----- Task input

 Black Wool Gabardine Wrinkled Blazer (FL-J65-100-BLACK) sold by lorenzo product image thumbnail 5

----------
----- Task input

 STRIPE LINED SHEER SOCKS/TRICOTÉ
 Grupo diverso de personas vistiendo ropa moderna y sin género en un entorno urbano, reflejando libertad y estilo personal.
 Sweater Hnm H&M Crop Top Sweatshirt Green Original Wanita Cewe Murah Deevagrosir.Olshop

----------
----- Task input

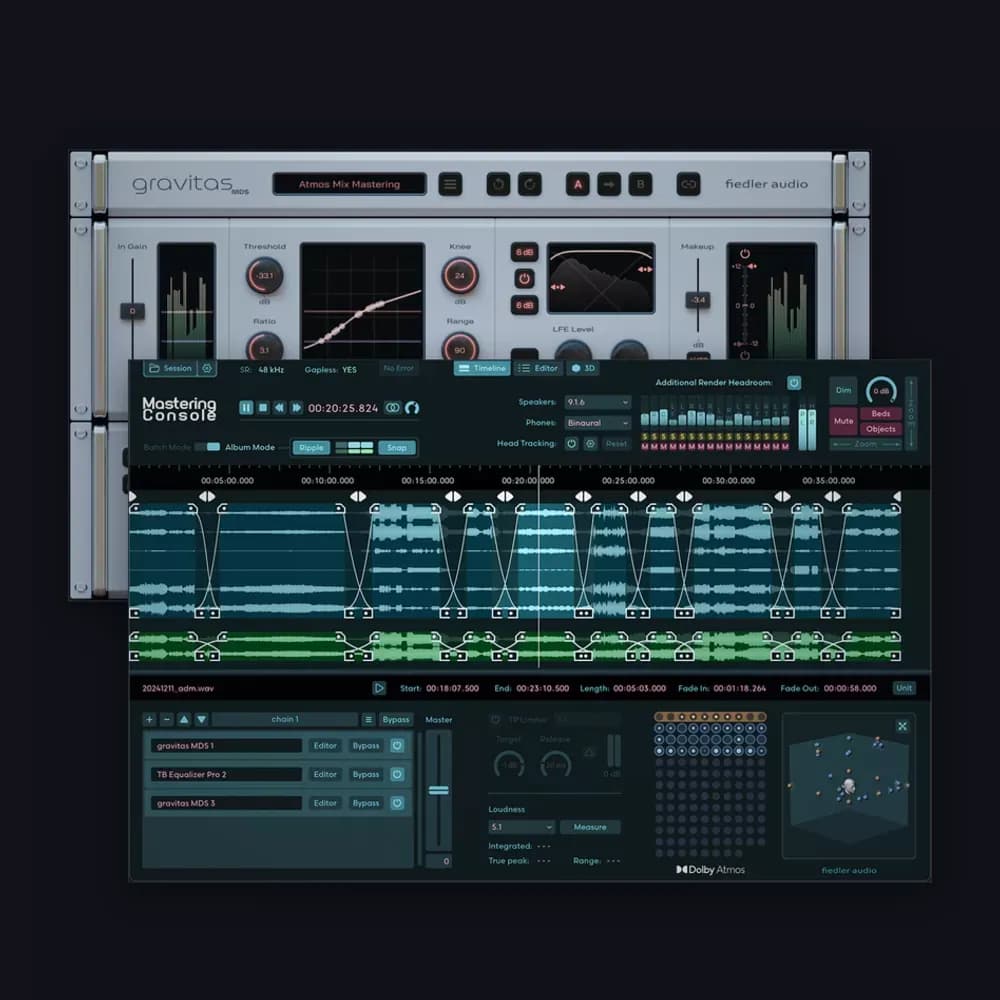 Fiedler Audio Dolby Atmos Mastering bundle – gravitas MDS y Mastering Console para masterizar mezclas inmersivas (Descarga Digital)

----------

◆ **Task directions**: In the listing above, find the line containing "STRIPE LINED SHEER SOCKS/TRICOTÉ" and the line containing "Sweater Hnm H&M", then retype both and every line between them exactly, with nothing else.

◆ **Written reply**:
 STRIPE LINED SHEER SOCKS/TRICOTÉ
 Grupo diverso de personas vistiendo ropa moderna y sin género en un entorno urbano, reflejando libertad y estilo personal.
 Sweater Hnm H&M Crop Top Sweatshirt Green Original Wanita Cewe Murah Deevagrosir.Olshop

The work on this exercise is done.